Thursday, July 22, 2004
 
Why Can't I Be Mad?

As fashionable as it is in the "postmodern" crowd to be upset with the institutional church, it's becoming more fashionable to claim to be tired of being angry. "I've come to accept that my superchurch, Starbucks-sipping, suburban counterparts aren't wrong. The way they do things isn't 'good' or 'bad', just different." They aren't angry, but have come to accept that God uses that just as much as he uses the small, community church, the home church, or the free-lancer.

I propose a question: Where is the line? We talk about how little our old churches fostered community... how little they cared about social causes... how they ALMOST ignored economic justice, and how, when they didn't, it was with a project mentality or with the desire to plop more butts into their pews. But then we turn around and say we're not supposed to be angry.

Anger at the institution is a really good way to allow feelings of superiority and pride to come into play. People in that position (myself) very often have to remind themselves that we're all looking through a glass dimly, and that I have very little figured out, and have no right judging others for not having it all figured out. All this I can intellectually accept.
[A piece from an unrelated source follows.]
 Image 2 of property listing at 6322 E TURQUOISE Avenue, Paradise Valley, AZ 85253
Yet, when my emotions start coming into play, I find it hard to accept that there are things that the institutions are doing that I'm NOT supposed to be mad about. What is our reaction when institutions hurt those around us? What if those issues are systemic? What if that pain goes beyond an individual person who maybe let their egos get the best of them, and the pain is actually caused by people's view of what "church" means?
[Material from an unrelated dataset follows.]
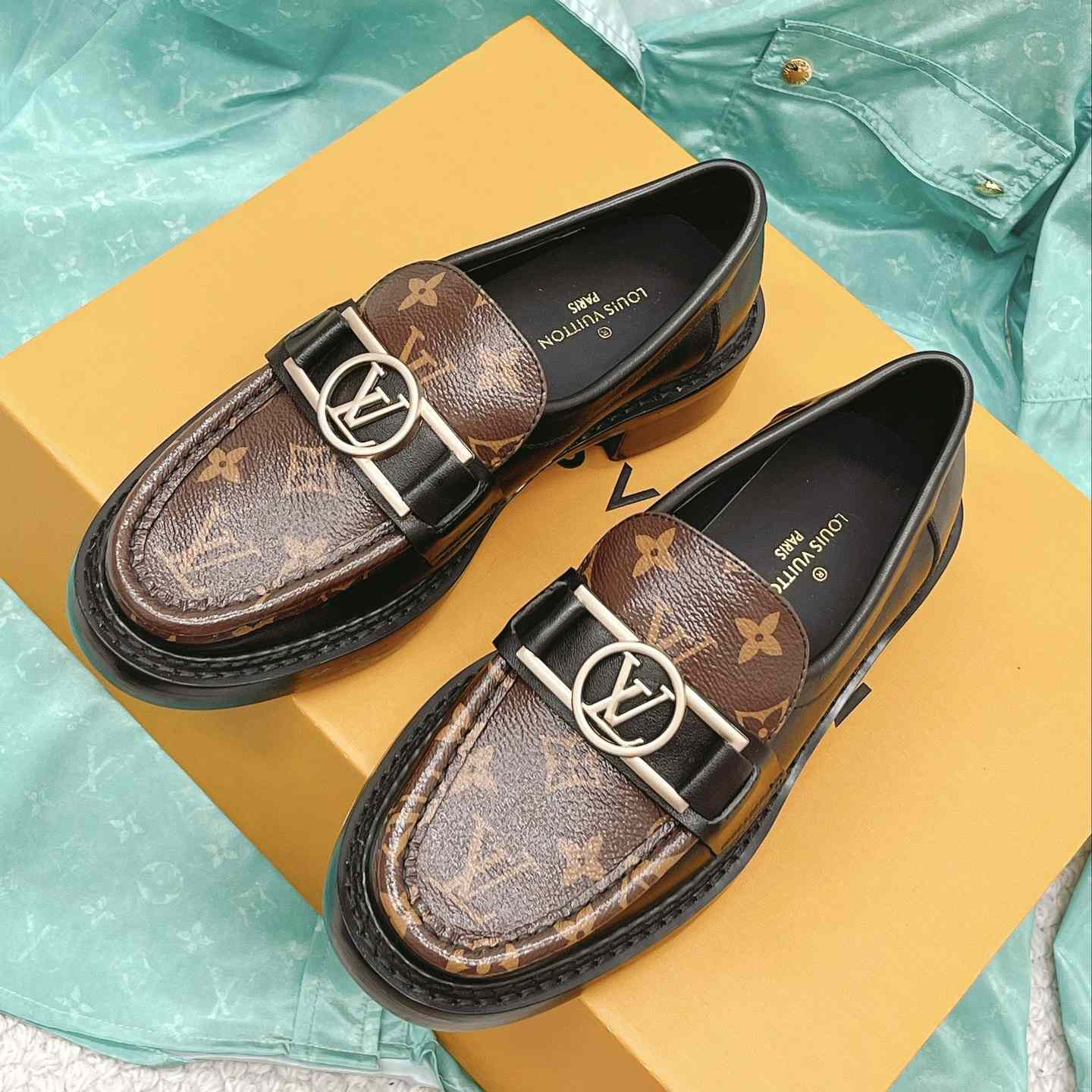 Louis Vuitton Academy Loafer    1A7TXK - PerfectKickZ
So what is the role of anger? When is it righteous? When is it just destructive and vitriolic? No one wants to just be destructive. Many people who are honestly angry at the church are angry because they desire to see it for what it COULD and SHOULD be. I am constantly being called a cynic or told that I am jaded. I honestly don't think I am. I'm an idealist, to be sure. And I'm hurt. But I think my anger is caused by an abundance of optimism, not a lack of it... and certainly not just out of a desire to be negative.

Let's get it started. I want direction and thoughts on this, so please don't withhold them.